Task instructions: Please copy the lines below exactly, from the first one through the line showing "view of front".

^^^^^^^^

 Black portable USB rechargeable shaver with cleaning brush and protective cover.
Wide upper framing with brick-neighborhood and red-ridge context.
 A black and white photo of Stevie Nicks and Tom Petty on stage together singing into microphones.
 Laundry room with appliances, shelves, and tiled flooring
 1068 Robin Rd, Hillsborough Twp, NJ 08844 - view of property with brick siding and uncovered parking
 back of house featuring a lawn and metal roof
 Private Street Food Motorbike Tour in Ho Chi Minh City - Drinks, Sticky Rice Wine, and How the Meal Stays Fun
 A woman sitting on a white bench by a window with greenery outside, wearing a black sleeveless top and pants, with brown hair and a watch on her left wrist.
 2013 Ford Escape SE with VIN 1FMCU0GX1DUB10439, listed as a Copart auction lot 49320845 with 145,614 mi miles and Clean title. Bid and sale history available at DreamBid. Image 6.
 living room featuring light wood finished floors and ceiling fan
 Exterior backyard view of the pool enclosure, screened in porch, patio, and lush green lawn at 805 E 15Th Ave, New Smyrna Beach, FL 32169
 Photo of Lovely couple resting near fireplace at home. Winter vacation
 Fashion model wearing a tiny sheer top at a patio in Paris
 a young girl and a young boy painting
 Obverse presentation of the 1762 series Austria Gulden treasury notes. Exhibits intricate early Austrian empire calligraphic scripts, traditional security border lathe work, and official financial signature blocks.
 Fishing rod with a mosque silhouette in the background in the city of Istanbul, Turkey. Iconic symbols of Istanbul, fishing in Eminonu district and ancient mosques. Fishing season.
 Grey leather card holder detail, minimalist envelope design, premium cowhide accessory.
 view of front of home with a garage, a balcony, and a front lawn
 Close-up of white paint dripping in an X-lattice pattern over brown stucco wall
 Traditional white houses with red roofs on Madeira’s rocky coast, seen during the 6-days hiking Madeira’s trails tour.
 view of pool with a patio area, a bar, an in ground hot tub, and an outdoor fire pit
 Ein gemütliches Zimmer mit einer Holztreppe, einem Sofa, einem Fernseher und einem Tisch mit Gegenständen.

^^^^^^^^

Written response:
 Black portable USB rechargeable shaver with cleaning brush and protective cover.
Wide upper framing with brick-neighborhood and red-ridge context.
 A black and white photo of Stevie Nicks and Tom Petty on stage together singing into microphones.
 Laundry room with appliances, shelves, and tiled flooring
 1068 Robin Rd, Hillsborough Twp, NJ 08844 - view of property with brick siding and uncovered parking
 back of house featuring a lawn and metal roof
 Private Street Food Motorbike Tour in Ho Chi Minh City - Drinks, Sticky Rice Wine, and How the Meal Stays Fun
 A woman sitting on a white bench by a window with greenery outside, wearing a black sleeveless top and pants, with brown hair and a watch on her left wrist.
 2013 Ford Escape SE with VIN 1FMCU0GX1DUB10439, listed as a Copart auction lot 49320845 with 145,614 mi miles and Clean title. Bid and sale history available at DreamBid. Image 6.
 living room featuring light wood finished floors and ceiling fan
 Exterior backyard view of the pool enclosure, screened in porch, patio, and lush green lawn at 805 E 15Th Ave, New Smyrna Beach, FL 32169
 Photo of Lovely couple resting near fireplace at home. Winter vacation
 Fashion model wearing a tiny sheer top at a patio in Paris
 a young girl and a young boy painting
 Obverse presentation of the 1762 series Austria Gulden treasury notes. Exhibits intricate early Austrian empire calligraphic scripts, traditional security border lathe work, and official financial signature blocks.
 Fishing rod with a mosque silhouette in the background in the city of Istanbul, Turkey. Iconic symbols of Istanbul, fishing in Eminonu district and ancient mosques. Fishing season.
 Grey leather card holder detail, minimalist envelope design, premium cowhide accessory.
 view of front of home with a garage, a balcony, and a front lawn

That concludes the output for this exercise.